Jan. 9, 2025 – Fr. Robert Braunreuther, SJ, was loyal to his German roots, for he was fluent in German, did his philosophy studies in 1956-59 at Pullach (it later moved to Munich), and taught German during his regency at Fairfield Prep in Connecticut. Even a favorite anecdote has a German feel.
Discovering that his students planned to bring water pistols to school for an in-class battle, Fr. Braunreuther concealed in his desk a water pistol of his own. When a student didn’t know the German word for “desk,” Fr. Braunreuther feigned a nervous breakdown, and then squirted his pistol at the dumbfounded student as the whole class gasped. Fr. Braunreuther made sure the story appeared in the 2021 A History of Fairfield Prep. The anecdote illustrates an unnoticed side of Fr. Braunreuther ministry – his willingness to step outside the box in teaching and his carefully considered relationships to pastoral colleagues and students. He remembered friends; he kept updated a long list of friends’ addresses.
Those knowing Fr. Braunreuther only formally might be surprised to learn that from the age of 16, he motored around Fairfield County in a yellow convertible, the gift of his revered father, that he closely observed friends and teachers, and that even as a teen he confidently made life decisions, such as altering his marriage plans to enter the Society. Fr. Braunreuther carried those qualities of self-confidence, reflectiveness, and need to measure up, into his Jesuit life. Space permits mentioning only a few instances of his careful responses to unexpected events.
After his family moved to from Brooklyn to Connecticut, Fr. Braunreuther enrolled at Fairfield Prep where he was deeply impressed by his Jesuit teachers. Playing sports at the prep helped him understand student-athletes later when he became the university representative for athletics at Boston College. In high school he developed a love for literature that never left him, and made his juniorate years as a Jesuit the happiest of his life. During his philosophy studies at Pullach, his facility in German enabled him to appreciate German culture and observe the permanent effects of World War II on Germany.

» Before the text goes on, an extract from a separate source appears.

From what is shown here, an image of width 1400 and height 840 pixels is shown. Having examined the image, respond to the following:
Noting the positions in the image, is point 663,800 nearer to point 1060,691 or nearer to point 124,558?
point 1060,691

After ordination in 1965, he began a doctoral program at the University of Chicago on the interface of theology with psychology, his two major interests. The program was ill designed to begin with, the instructor grew increasingly remote, and the program collapsed. Fr. Braunreuther’s more than two years of course work (1967-70) never counted toward a degree. When he returned to New England, the provincial, following the custom of those years, told him to find a job for himself instead of assigning him to a particular ministry. Disappointed, Fr. Braunreuther parlayed a one-year position at Newton College of the Sacred Heart into a job at Boston College supervising resident assistants (RA’s). Success there led to his becoming director of campus ministry, which included the enormously demanding assignment of ministering to athletes. During this period, Fr. Braunreuther discovered his talent for giving regular lectures to BC students on topics from psychology to theology. In all, Fr. Braunreuther spent 24 years at BC.

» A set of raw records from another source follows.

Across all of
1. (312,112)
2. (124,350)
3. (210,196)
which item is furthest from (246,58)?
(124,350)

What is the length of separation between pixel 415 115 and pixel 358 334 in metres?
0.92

By 1996, Fr. Braunreuther felt “burned out” by university ministry, and welcomed the invitation of his friend Fr. Bill Watters, SJ, to come to Baltimore and work with homeless men. Three years later, he took on retreat ministry at Faulkner, Md. (2001-08). After a sabbatical in Chicago, he became a campus minister at Loyola University, serving also as Minister in Arrupe House (2009-15). He then returned to Fairfield as Minister for the Jesuit Community (2015-18). But after a couple of serious falls at Fairfield, he somewhat reluctantly came to Campion Center in 2018. Campion Center did not stop his pastoral engagement, however, for he served the local parish, St. Julia’s, presiding at Sunday Mass and giving lectures in person or via Zoom.

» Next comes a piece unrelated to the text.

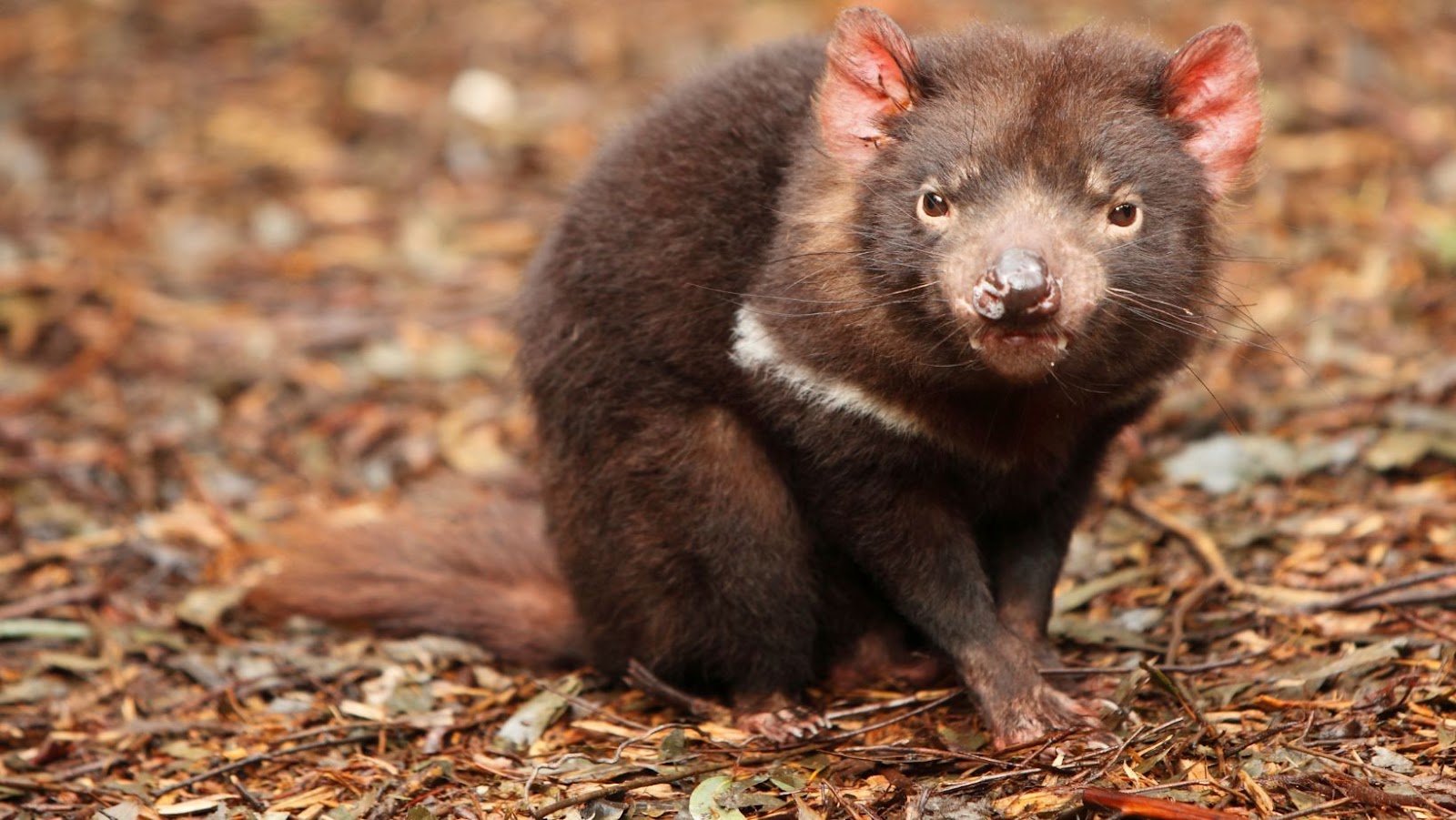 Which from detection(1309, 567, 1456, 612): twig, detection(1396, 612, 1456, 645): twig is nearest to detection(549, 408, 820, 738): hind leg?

Fr. Robert J. Braunreuther, SJ, was born on August 14, 1934, in Brooklyn, the fourth of the six children of John Adam and Anna Marie (Zimmermann) Braunreuther. Fr. Braunreuther’s father was a butcher servicing a wide clientele of restaurants in New York and Connecticut. The family were devout parishioners at Immaculate Conception in Brooklyn. Fr. Braunreuther spent one year at Brooklyn Prep. When the family moved to Trumbull, Conn., he enrolled as a sophomore at Fairfield Prep. He entered the Jesuits right after high school, spending novitiate and juniorate at Shadowbrook in Lenox, Mass. (1952-56). He studied philosophy in Germany (1956-59), regency at Fairfield Prep (1959-62), theology at Weston College (1962-66), doctoral studies at the University of Chicago (1967-71, aborted). Nearly all of his campus ministry was carried out at Boston College from 1971-97. Pastoral work of other kinds followed, mostly retreats and working with the homeless (1997-2018). In July 2024, while visiting a friend in Connecticut, he had a serious fall. The local hospital was unable to determine its cause, and he returned to Campion in a weakened state. Congestive heart failure proved too much for his frail condition. At 12:50 p.m. on Jan. 6, Fr. Braunreuther died.